In a manner not dissimilar similar to how it took me eight years of mowing two two-acre lawns every week (I'm since retired) to start listening to podcasts, I've only just – after 11 years of running nearly every day – started listening to audiobooks (also a recent first) during the day's run. While my latent drummer muscle memory makes music-while-running a likely non-starter (as I will either run in tempo with the music or attempt to fit the music in my head to my tempo ) audiobooks present none of those difficulties (though they have their own, chief among them being a difficulty in processing everything that's coming at me, like listening to someone who won't shut up).

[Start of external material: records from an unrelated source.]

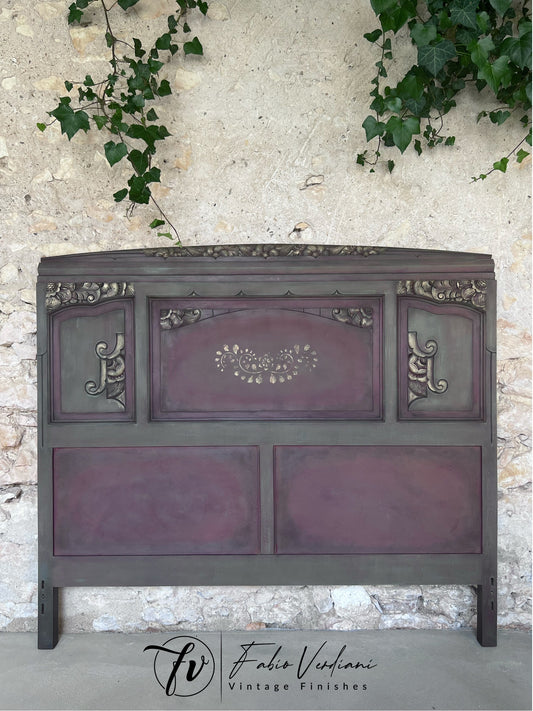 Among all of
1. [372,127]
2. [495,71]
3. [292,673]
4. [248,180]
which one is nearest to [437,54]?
[495,71]

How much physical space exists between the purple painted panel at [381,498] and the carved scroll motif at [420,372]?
22 cm

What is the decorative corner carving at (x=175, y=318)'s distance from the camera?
2.12 m

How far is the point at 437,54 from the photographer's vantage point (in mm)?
1932

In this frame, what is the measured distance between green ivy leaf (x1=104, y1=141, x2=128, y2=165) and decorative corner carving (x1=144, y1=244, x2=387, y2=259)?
344mm

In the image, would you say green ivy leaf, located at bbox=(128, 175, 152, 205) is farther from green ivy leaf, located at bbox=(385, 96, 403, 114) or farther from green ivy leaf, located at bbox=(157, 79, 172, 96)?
green ivy leaf, located at bbox=(385, 96, 403, 114)

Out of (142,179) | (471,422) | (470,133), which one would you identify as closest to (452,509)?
(471,422)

General practice: if I like what I'm hearing – as I do now, with Rick Rubin reading his own THE CREATIVE ACT (reminds me of David Lynch's CATCHING THE BIG FISH) – I buy the physical book both for easy revisitation and as a repository of noted memory. Along with Rubin, the other one that got that treatment was James Clear's ATOMIC HABITS (excellent, by the way. Might re-listen at some point). What both have in common was that the author themselves read the book; in Rubin's case particularly, it felt like / feels like I'm working with him; I get why artists want to. Can't imagine standard audiobook guy voice having the same impact – though standard audiobook guy reading certain lines is amusing in and of itself.
Sticking with non-fiction of the manual/idea variety for now (though I might add poetry), things that I have a harder time making myself make the time to sit and read each day. Philosophy, too.